Computer use sometimes has to be in shifts because so many people come to the center, Dean said.
Every day of the week there are activities, including a Wednesday "games of adventures" where children step away from computers to play "old-school" board games such as Sorry, Candyland or Twister.
Wednesday also is when barber Joshua Chandler gives free haircuts. Children get first priority. Some days up to 30 children show up.
There also are days for bingo, checkers and chess, sewing and cooking classes, Bible study and tutoring. On Saturday volunteer and master pool checkers champion Arthur "Moochie" McCarr will hold a checkers tournament.
Monday through Thursday there are GED classes. Out-of-work residents use the center's computers to build resumes and search for jobs. On the last Friday of each month the center is packed for a poetry jam.
And on Sunday Dean holds Sunday school.
"I think a lot of kids come because of the love and caring," said Xiomara Perez, known as "Miss Cee Cee". "It's much better they don't have to be caught up outside. They can be here in all these activities."
Perez attends the GED classes and hopes eventually to enroll at Hillsborough Community College.
The classes, which began in July, average about 18 students each session. Soon the learning center will be added to the Hillsborough County School District's list of GED satellite locations for the adult and community education division.
The district will help with materials and student assessments.
District resource teacher Susan MacGill recently completed assessments of the learning center's students. It helps them to set goals, she said.
"The cool thing about this is people in the community are coming here," MacGill said. "It's flourishing. It's helping the community."
From GED classes to the neighborhood action group, Dean said the emphasis is on self-reliance and finding solutions to problems from within the community.
Some of the older children, like 13-year-old Kameron Donalson, help younger children with game activities or tutoring.
"Most of these children were out getting into trouble, doing things they didn't have to be doing," said Donalson.
The cooking classes teach nutrition but also simple math which is needed to measure ingredients, said Suzette Dean, the pastor's wife as well as cooking and sewing instructor.
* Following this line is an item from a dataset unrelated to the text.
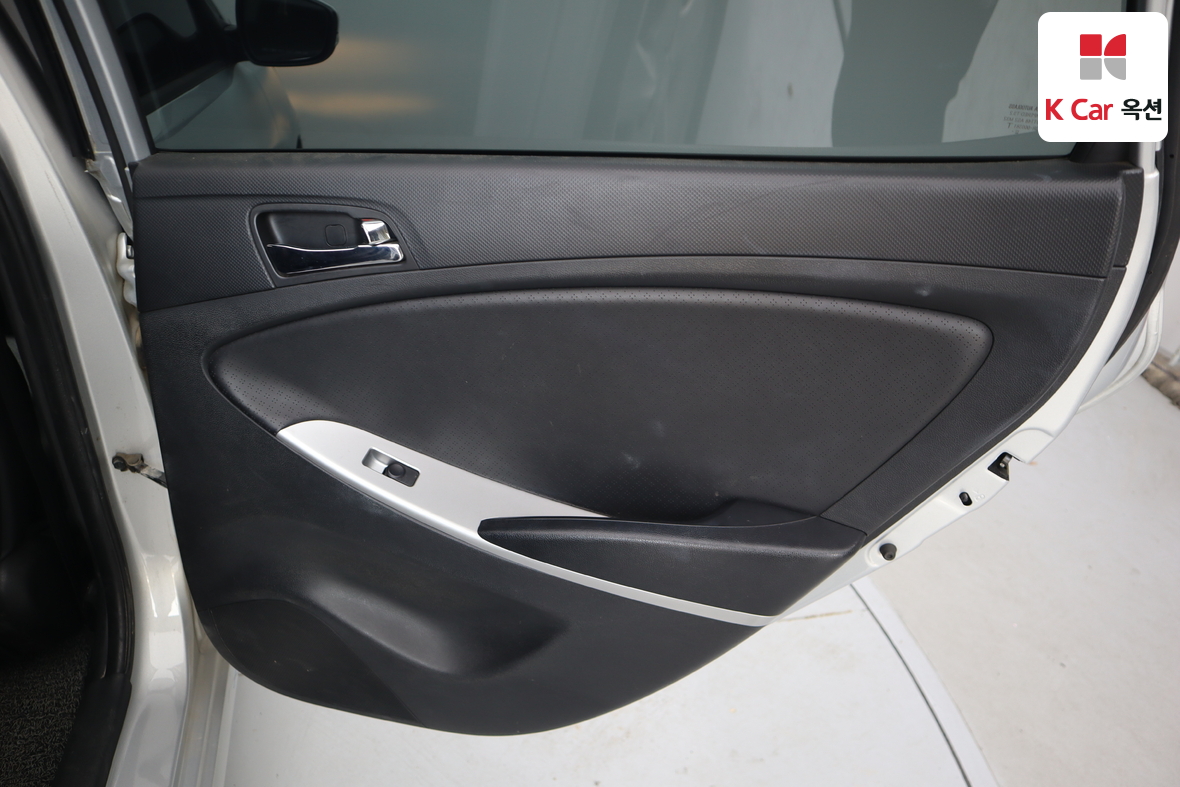Hyundai Accent - 24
Perez is among the volunteers who help with the center's activities.
"I'm a good buffet chef," said Perez's 6-year-old son Izaeah as he stirred the pot of chicken.
Raekwon Walker, 12, is a fan of the television show Iron Chef on the Food Network and enjoys Dean's cooking classes.
"It makes me feel more manly," Walker said about cooking. "I like to do it."
Even the sewing class where students learned to take scrap cloth and make wrap-around skirts is empowering, Daniel Dean said. "We show them how to make something from nothing," he said.
IF YOU GO:
WHAT: One-year anniversary celebration
WHERE: Hope Learning Center, 2902 E. Lake Ave.